Mapping Urban Mnemonics for a Non-Anthropocentric Future-Making
​
Burcu Nimet Dumlu
​
​
Abstract.
Urban mnemonics describes how the built environment holds, evokes, and shapes personal and collective memory. Memory is not static or stored, but formed through ongoing engagement with materials, spaces, and environments. From this perspective, memory-making is a shared process between human and nonhuman actors, where traces and meanings emerge over time.
​
Cities are shaped by the interaction of materials, technologies, environmental forces, policies, and social and emotional atmospheres. These elements do not merely support memory but actively participate in its formation. Materials age, respond to natural forces, and evoke sensory experiences, giving them agency in how memory is created and sustained.
​
This research develops a multi-layered mapping approach to trace these co-created mnemonics, revealing how urban environments resist complete representation while supporting imagination and knowledge.

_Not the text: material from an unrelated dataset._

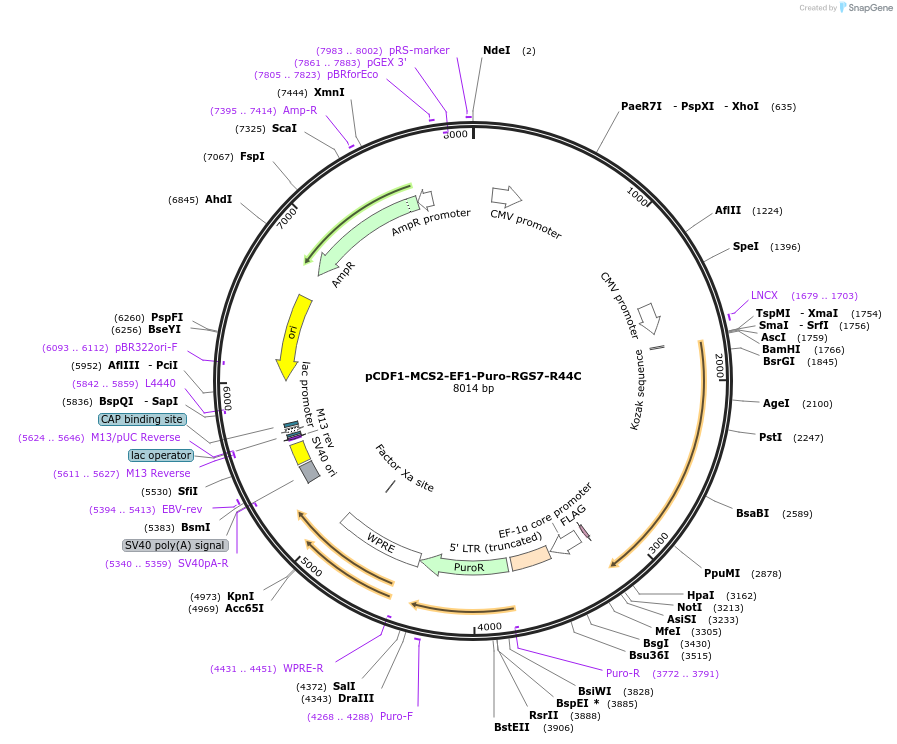 113729-plasmid-map-sequence-id-221777
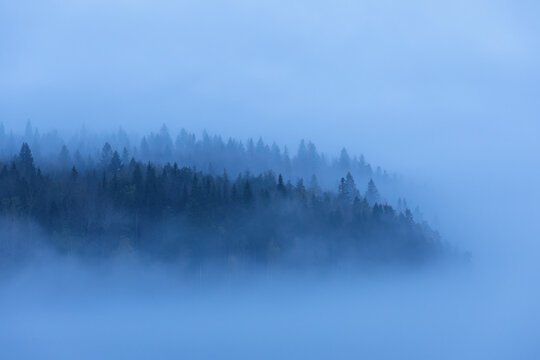 View of misty forest landscape, where the dense fog envelops the trees, creating an ethereal and dreamlike atmosphere, Sortavala, Russia.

By understanding memory as material and relational, the work proposes more ethical, sustainable, and inclusive ways of imagining urban futures that extend beyond human-centered perspectives.
​
​
Keywords: affective materialities; memory mapping; nonhuman agency; relational ontologies; urban mnemonics
Cite This Paper
Burcu Nimet Dumlu, 2025, Mapping Urban Mnemonics for a Non-Anthropocentric Future Making, Urban Future-Making: Situating Agency Within the Built Environment International Conference HafenCity University Hamburg, Hamburg, May 5-6.